The Ivory Coast: The Country in Full Extension of Nomadic War?

After bleeding Liberia and Sierra Leone white, armed bands rallied Alassane Ouattara’s troops and have since set the Ivory Coast to fire and sword. Hence the threat of permanent instability, argues Michel Gally, a specialist of the region.

The war in the Ivory Coast was a real war, but it is only one local episode in a “nomadic war” that has been roving around several West-African countries since 1989; indeed the cycle of violence is far from being over.

In 1989 about a hundred warriors led by Charles Taylor and armed by Burkina Faso, crossed the Ivory Coast border to put Liberia to fire and sword.
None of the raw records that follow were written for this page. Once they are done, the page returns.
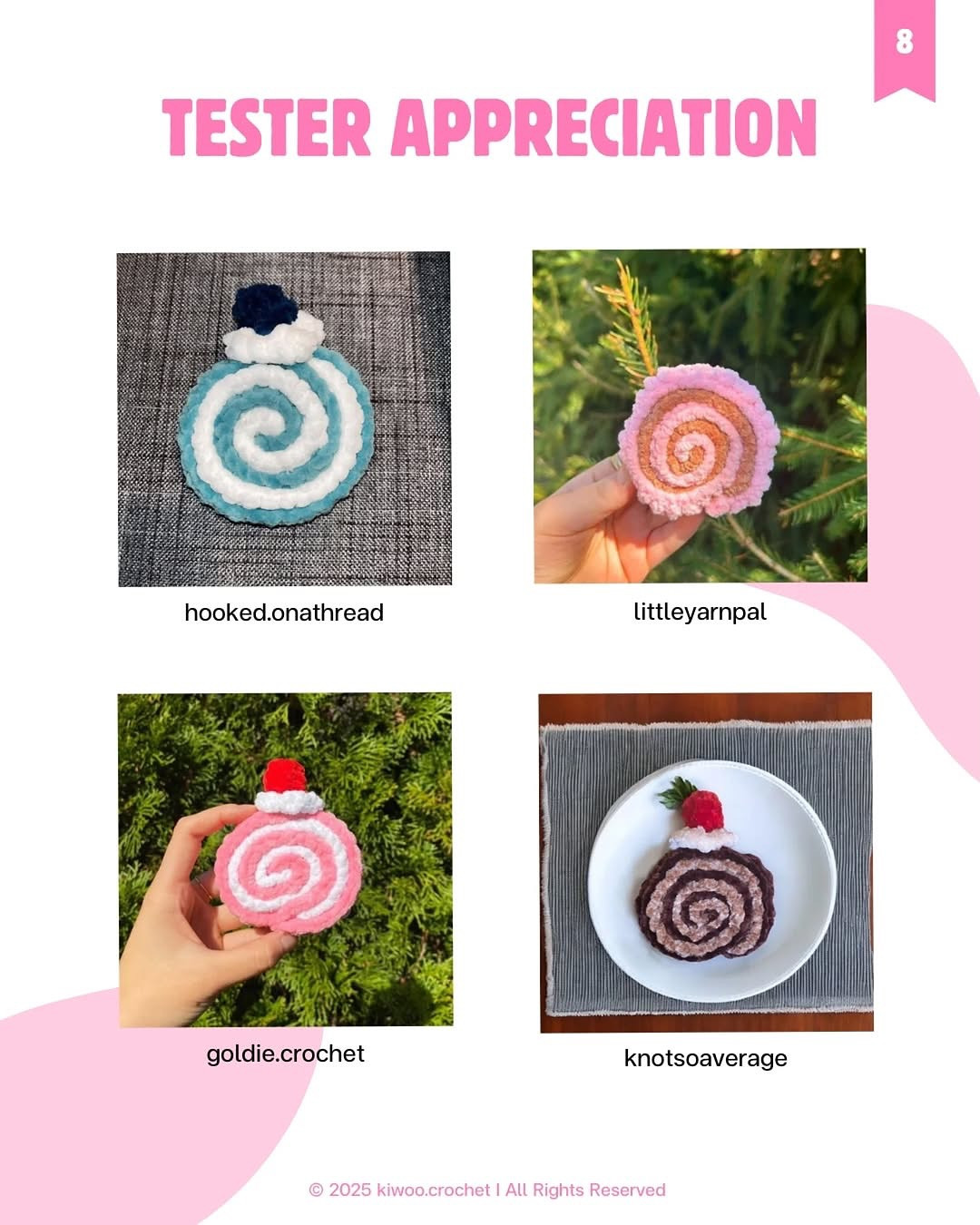 free pattern creamy cake roll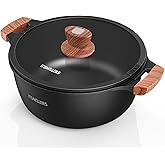 ITSMILLERS Nonstick Stock Pot,6.5 Qt Elegant Aluminum Ceramic Casserole with Pour Spout Lid, Induction Bottom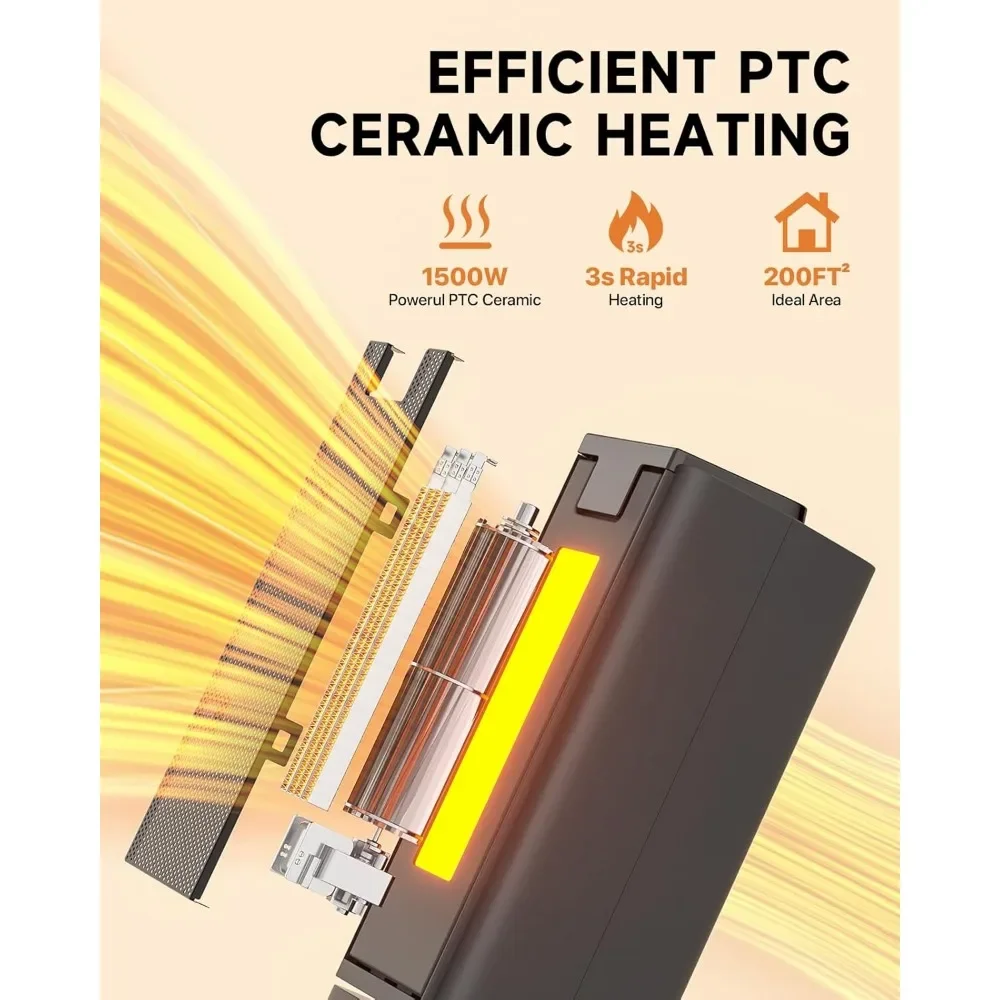 Calentador de espacio con control remoto, calentador de espacio de torre de cerámica PTC de 1500 W para uso en interiores, 70 ° Termostato programable del calentador de espacio oscilante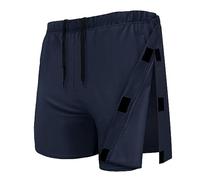 Unisex Hip Knee Surgery Recovery Shorts Men Tear Away Short Pant Breakaway Velcro Snap Shorts Adaptive Clothing Women, Navy, Medium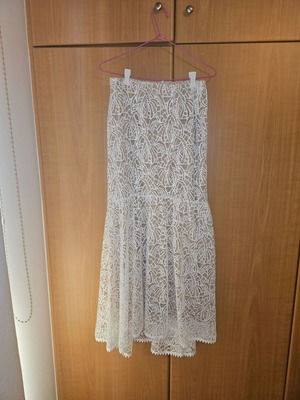 Lynne maxi skirt set with crop top like new, broderie style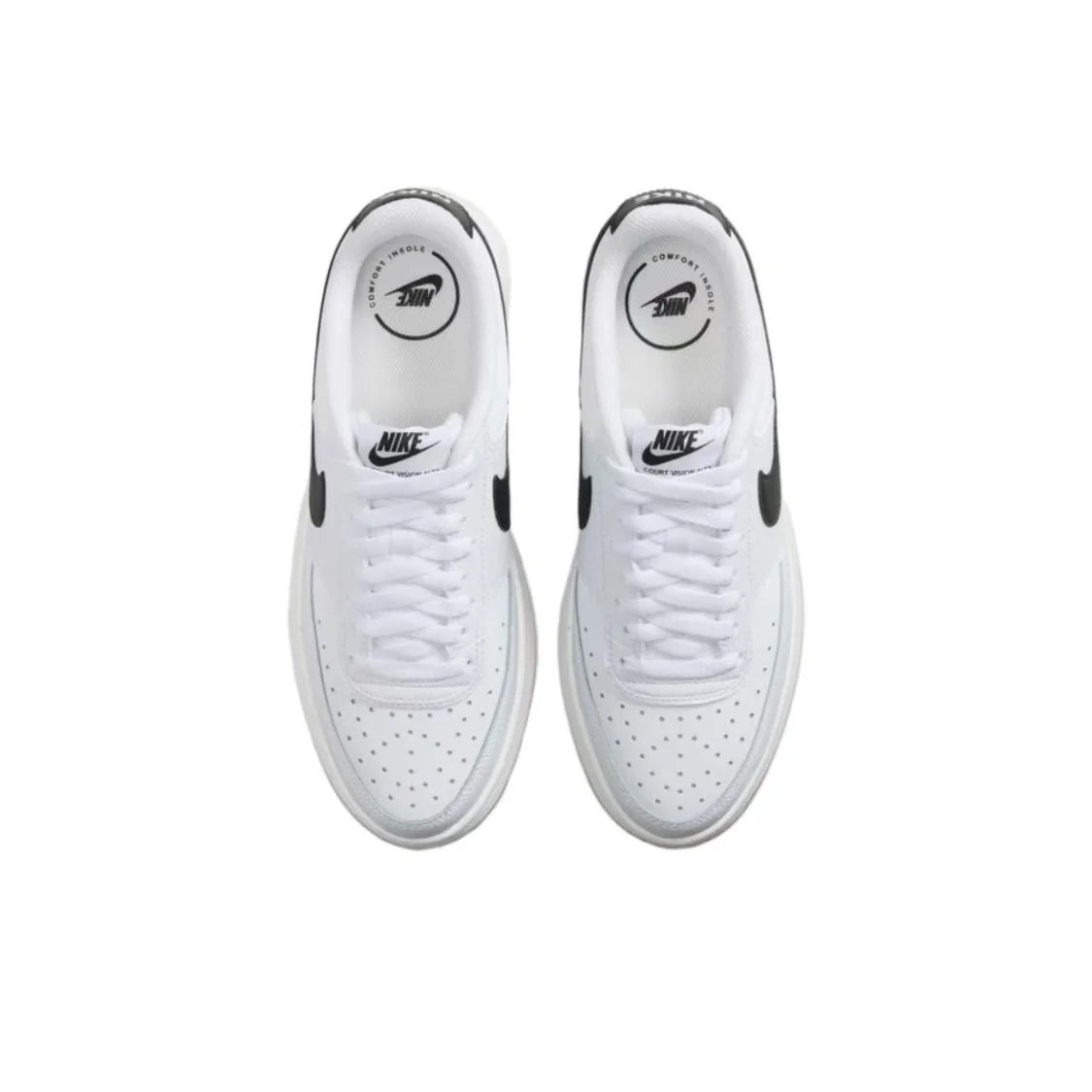 Zapatillas de baloncesto de caña baja para mujer Nike Court Vision Alta: suaves y cómodas, resistentes, en blanco y negro, DZ5394-107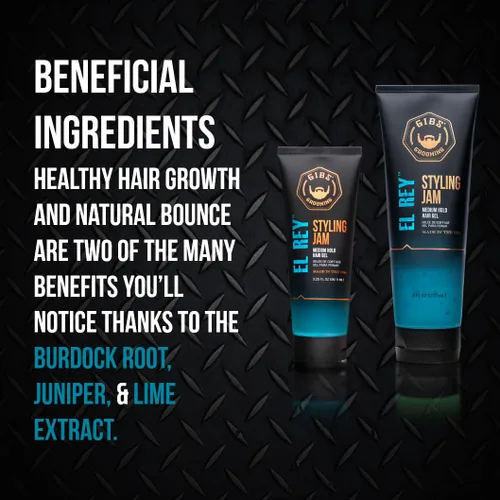 Vista 3 de GIBS Grooming El Rey Styling Jam para hombre, gel de sujeción media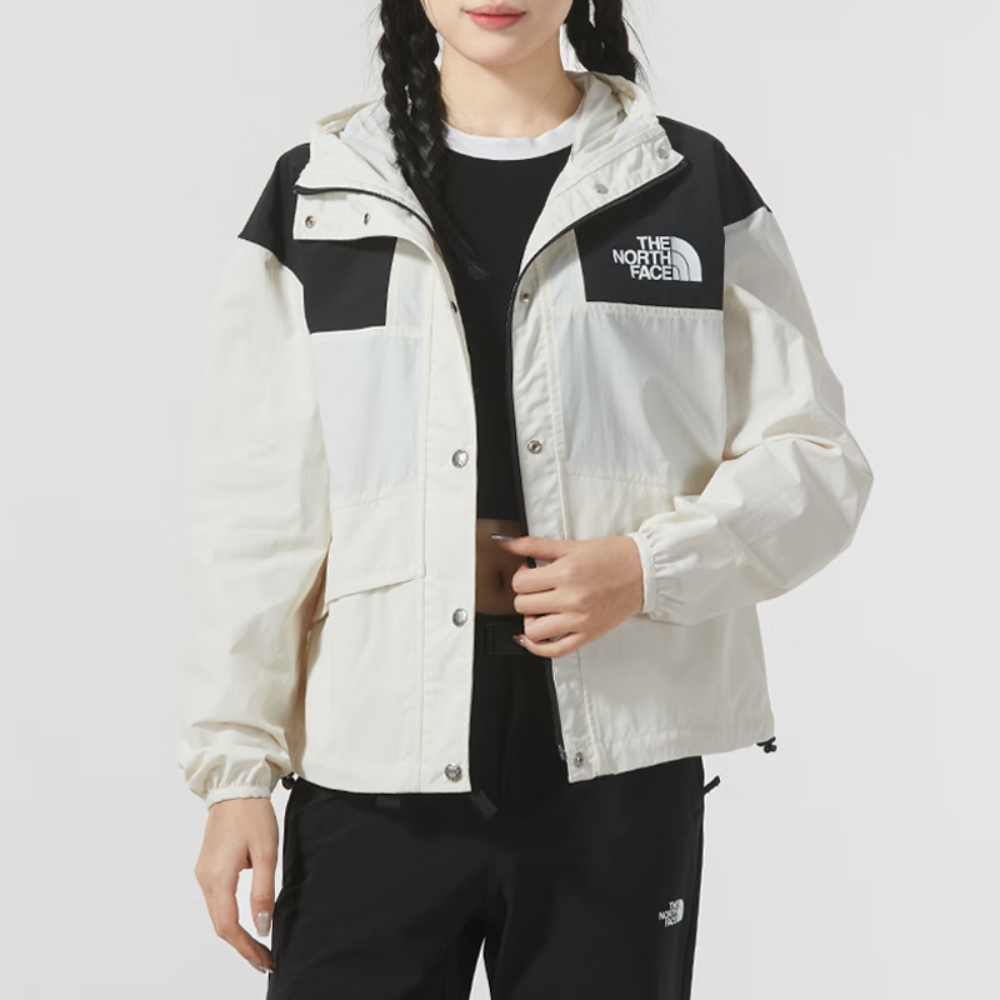 The North Face 北臉 外套 女款 運動連帽外套 防風外套 W 86 MOUNTAIN WIND JKT 白 NF0A5JXOQLI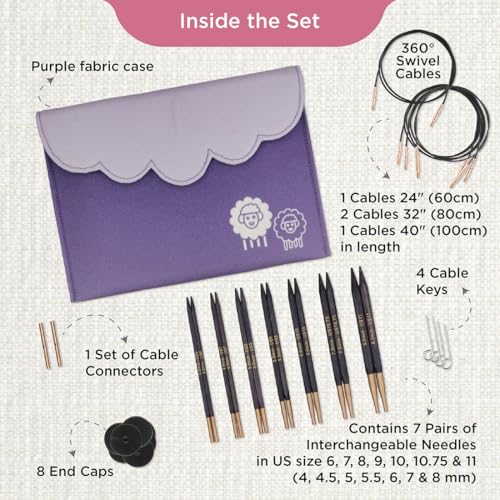 Knitpro 19301 J'adore Cubics Deluxe Set Di Aghi Circolari Intercambiabili, Lunghezza Normale - 2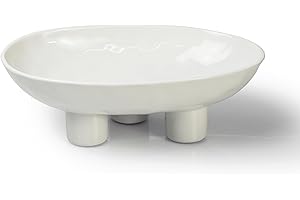 SEICASAYA Three-Legs Ceramic Fruit Bowl, 25cm Ceramic Bowl for Kitchen Counter, Large Candy Bowl, Key Bowl for Home Decor Ova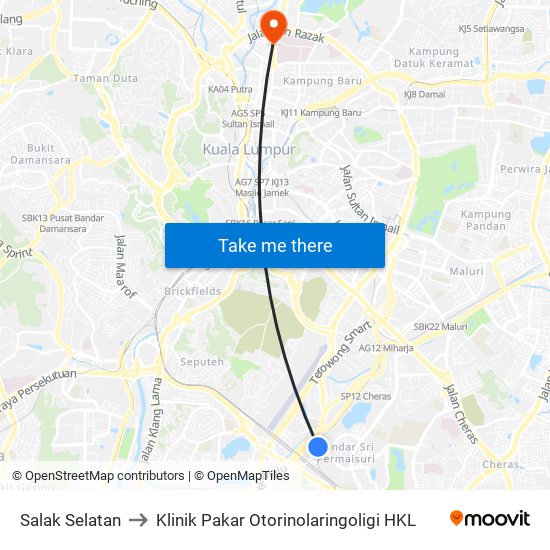 Salak Selatan to Klinik Pakar Otorinolaringoligi HKL map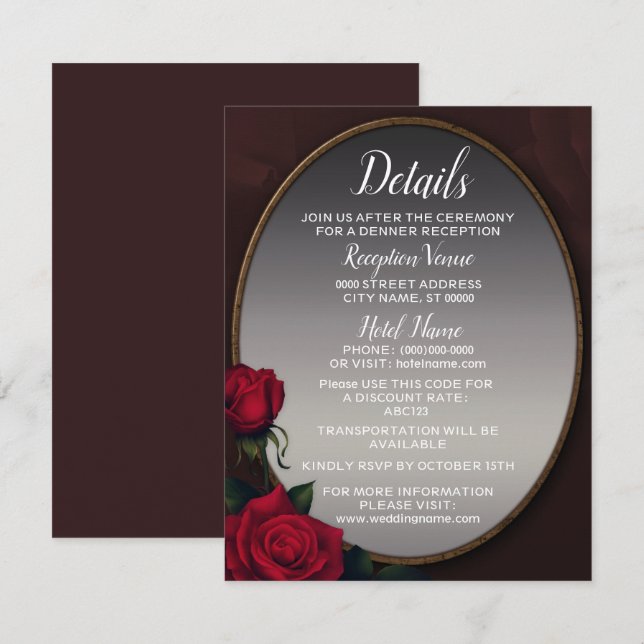 Wedding Red Blush Floral Silver Gray Mirror Detail Enclosure Card (Front/Back)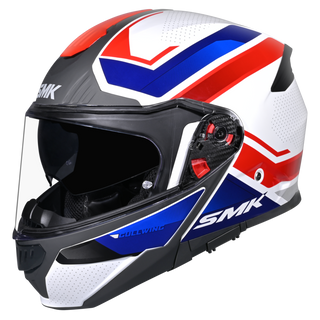 SMK Gullwing Supertour (MA153) Flip-up Helmet - Matt White/Blue/Red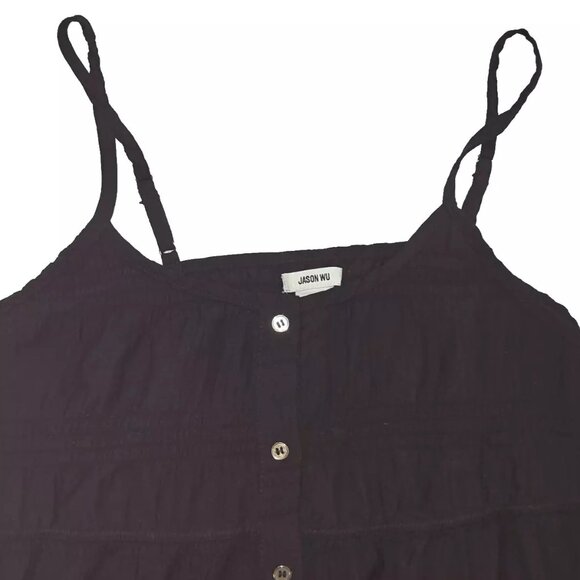 Jason Wu Camisole Adjustable Tank Top Black Women's Size XL Ruffled Button Up - Picture 2 of 5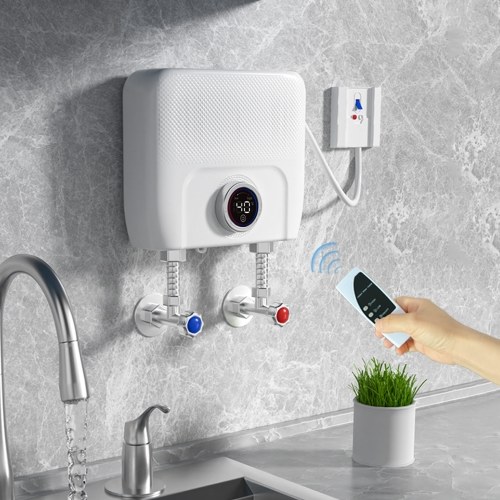 Mini Electric Tankless Water Heater 6500W 220V Constant Temperature Instant Hot Water Heater with Remote Control Digital Display On Demand Hot Water Heater 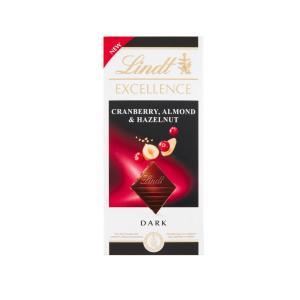 Barretta di cioccolato fondente con mirtilli rossi mandorle e nocciole  exellence 100 gr.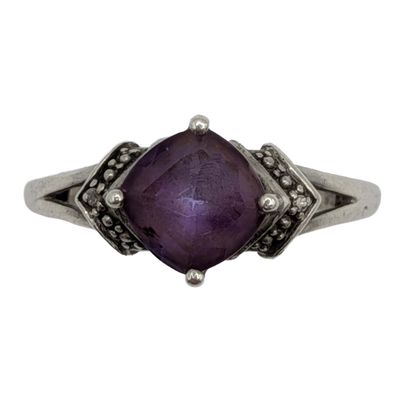 Sterling Silver Amethyst Diamond Square Cut Ring Size 7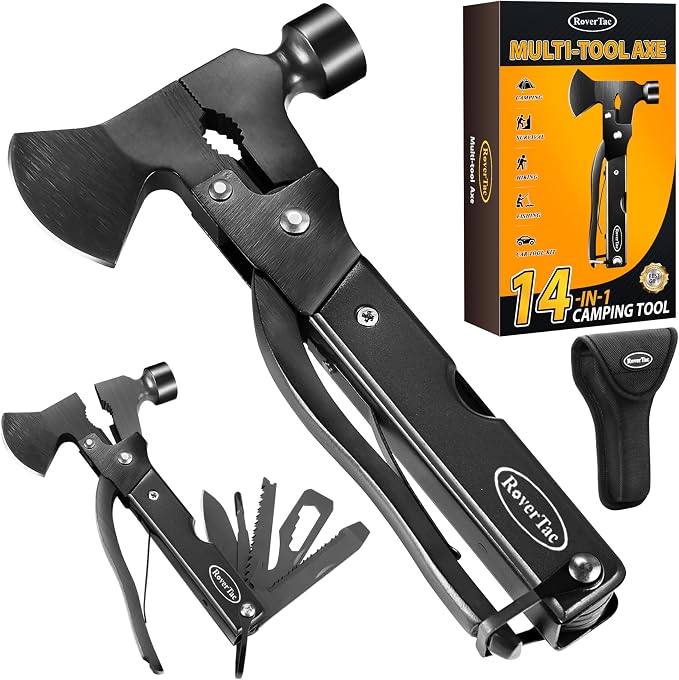 14-in-1 Multitool Camping Axe – Multi Tool with Knife, Hammer, Saw, Screwdrivers, Bottle Opener – Camping Tool with Sheath – Tool Gifts for Men, Dad, Husband, and Outdoor Enthusiasts.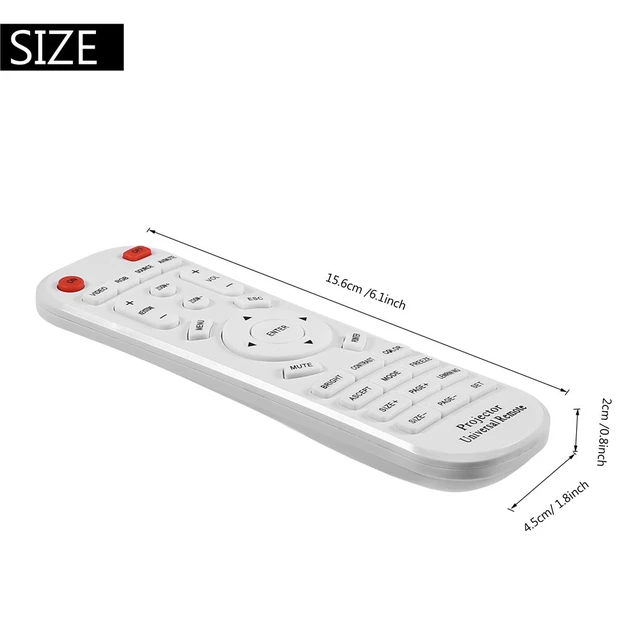 Alt view image 4 of 6 - Projector Universal Remote Control Universal Replacement Controller for Projector White(Note The Applicable Model)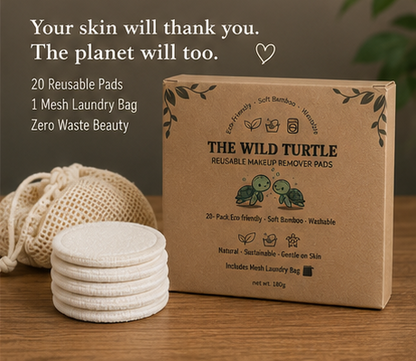 Reusable Makeup Pads — Organic Cotton & Bamboo, Washable (20-Pack + Mesh Bag)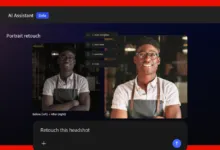 Adobe Firefly interface showing social media set with coffee-themed designs.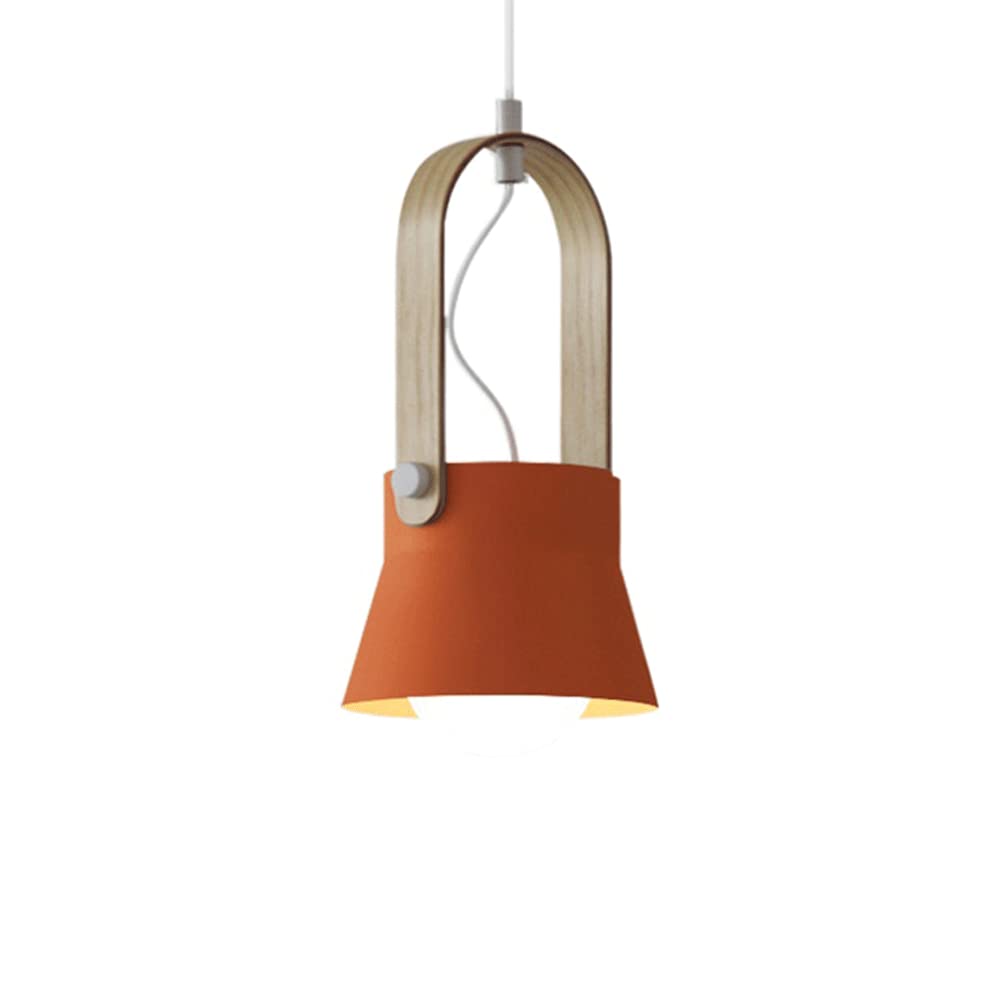 Valentina Vintage Pendant Light Black/Orange Metal/Wood Bedroom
Then came Foday Sankoh’s RUF who conquered Sierra Leone and massacred more than 2,000 people in their successful assault on Freetown, the capital. The very same who, in 2002, started off the Ivory Coast rebellion, taking over two thirds of the country thanks to a coup that all the evidence now extant proves to have benefited Alassane Ouattara.

Those border-blind “nomadic warriors” have made this roaming form of pillaging into a permanent way of life, or even of government. In the Northern parts of the Ivory Coast, a kind of “rebellious dictatorship” has been set up since 2002 where all forms of opposition are barred and gratuitous violence is standard currency while the services normally dispensed by the State have practically disappeared and total economic deregulation allows for all kinds of racketeering. A kind of military feudalization has begun to spread under the rule of the notorious “comzones”, those rebel commanders that reap gigantic profits from their looting.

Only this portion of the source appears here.